Sans préjuger de l'issue du procès mettant en cause les Toufik, Tartag, Saïd Bouteflika et la cohorte des personnalités à venir pour se présenter devant les prétoires, se détacher d'une amertume profonde est impossible. Qu'ils soient passibles de la peine extrême ou élargis importe peu. Bien qu'ils soient responsables du choix de leurs engagements à un moment de leur vie, qu'ils soient pendus ou libérés, l'événement qu'on qualifie aujourd'hui d'historique ternit, par-dessus tout, la conscience nationale.
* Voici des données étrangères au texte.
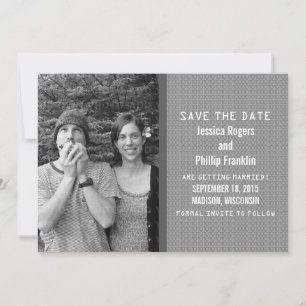 Código Binario Gris Invitación de Foto para Guarda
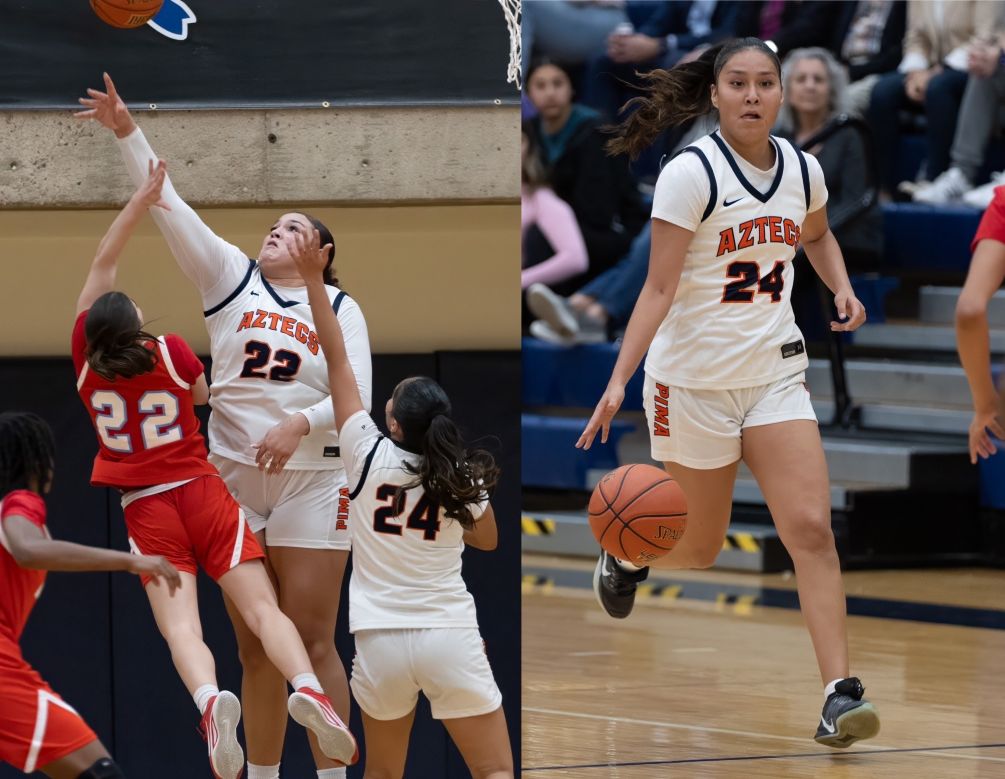 Sophomore Kiley Sours-Miller scored a game-high 26 points on 12-for-19 shooting with nine rebounds while fellow sophomore Melicia Nelson fell short of a triple-double with 11 points, nine rebounds and eight assists as the No. 4 seeded Aztecs Women's Basketball team beat Des Moines Area Community College 71-64 to advance to the Elite Eight matchup on Thursday vs. No. 12 Union College of Union County at 2:00 p.m. (EST); 11:00 a.m. Tucson time. Photos by Stephanie van Latum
Il ne s'agit pas de les dédouaner ou de les créditer d'on ne sait quelles circonstances atténuantes. Il est permis de s'avouer, la mort dans l'âme, que ces personnalités, justement ou injustement incriminées, ne sont pas tombées du ciel. Elles ont été acteurs et victimes en même temps d'une gouvernance déboussolée où les égos surdimensionnés se nourrissaient de tares variées et multiformes à la limite des attributs sataniques. Elles ont été aussi des marionnettes bourrées d'un mauvais esprit de suffisance, trompeusement convaincues qu'il suffisait de bomber le torse pour qu'un peuple entier soit convaincu de leur divinité.

Moult exemples du genre sont offerts par l'histoire pour qu'elle s'attribue à travers les siècles de fabuleux rictus à l'adresse d'hommes qui se prenaient pour des dieux. On sait ce qu'il est advenu des crapules et des monstres qui ont traîné leurs peuples vers la déraison et la décrépitude. Des centaines de millions d'êtres sont morts à cause de faux tsars et de leurs folies entraînantes.

Reste que les lampions du tribunal militaire de Blida, subitement aveuglants, imposent un éclairage déchirant. On a eu un chef d'Etat paraplégique au regard évanescent sur un engin roulant et on a aujourd'hui un ancien rab dzair sur une chaise roulante. Les images livrées hier matin sont si interprétatives qu'elles contraignent à se demander qui de la société, de la mortelle gouvernance ou des institutions délabrées mériterait la potence.

Le crime dont ils doivent être jugés, eux et ceux qui les ont accompagnés, serait aujourd'hui celui d'avoir embarqué un peuple entier dans un fauteuil déglingué roulant.